The Jerusalem location of Pope Francis’s meeting with Ecumenical Patriarch Bartholomew I was no coincidence: Commemorating the first summit between a Roman Catholic pope and ecumenical patriarch (the spiritual leader of Orthodox Christians) 50 years ago after a millennium of schism between the Eastern and Western Churches, Sunday’s meeting was a reminder to Israelis and Palestinians that their battle, too, could have an eventual resolution.
“Every conflict comes to an end,” Rabbi Arthur Schneier told The Times of Israel shortly before the meeting on Sunday. The rabbi of New York’s historic Modern Orthodox Park East Synagogue for over 50 years, this is Schneier’s second time accompanying a pope on a visit to the Holy Land at the behest of the president of Israel — he also accompanied Pope Benedict XVI in 2009.
A Holocaust survivor born in Austria in 1930, Schneier was formally invited to welcome Pope Francis and Ecumenical Patriarch Bartholomew by President Shimon Peres, Chief Rabbi David Lau and the Yad Vashem Holocaust memorial, but “I come to Israel voluntarily as well,” he quipped.
Schneier has been instrumental in interfaith outreach through his Appeal of Conscience Foundation since its founding in 1965. Schneier and Bartholomew began working together in 1993 to create peace and tolerance conferences, in connection with conflicts in Yugoslavia and elsewhere. They also attended funerals together after the 2003 suicide bombings in Istanbul.
“Bartholomew is a very warm, compassionate human being, with great respect for every human being. He has tremendous dedication to outreach and also has very much been in the forefront of inter-religious cooperation,” said Schneier.

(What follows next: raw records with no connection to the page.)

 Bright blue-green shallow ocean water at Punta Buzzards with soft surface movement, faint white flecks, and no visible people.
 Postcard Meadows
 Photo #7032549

Bartholomew, the archbishop of Constantinople, is the ecumenical patriarch, “the first among equals” among Eastern Orthodox bishops since 1991. Similar to Judaism with its system of chief rabbis throughout the Diaspora, the Eastern Orthodox Communion has bishops in heavily populated Orthodox Christian areas such as Moscow.
The Jerusalem meeting between Francis, the head of the Catholic Church and the bishop of Rome, and Bartholomew was hardly their first. The Ecumenical Patriarch was at Francis’s 2013 inaugural mass, marking the first attendance of a bishop of Constantinople at the installation of a bishop of Rome.

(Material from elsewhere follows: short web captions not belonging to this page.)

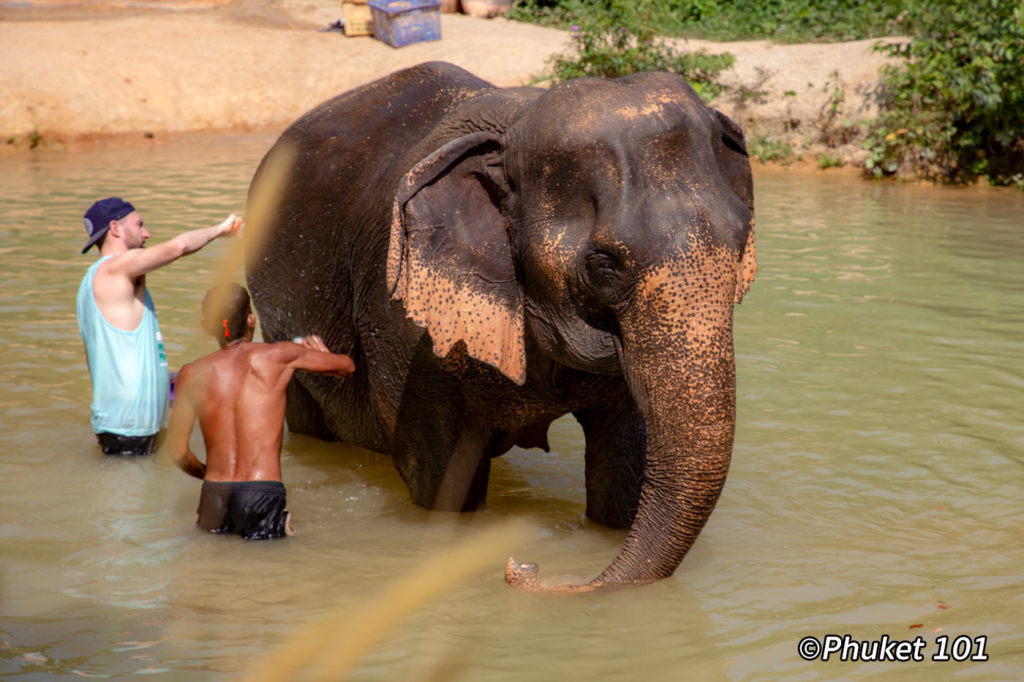 Phuket Elephant Retirement Park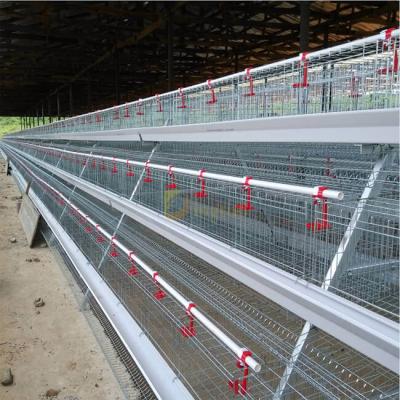 China Farms Layer Chicken Cage For Chicken Farm For Sri Lanka for sale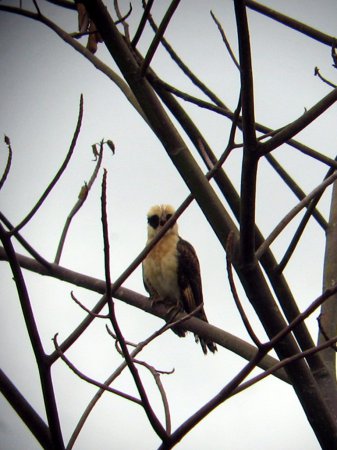 Photo (14): Laughing Falcon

“Bartholomew is very committed to go beyond the confines of just the Orthodox churches,” said Schneier, who marks the second Vatican Council as the turning point in the Catholic Church’s relationship with both the Eastern Orthodox Communion and Jews “after centuries of anti-Semitism.”
“We have seen a progressive, evolving relationship,” said Schneier. “After 900 years you have in Jerusalem a pope and ecumenical patriarch!”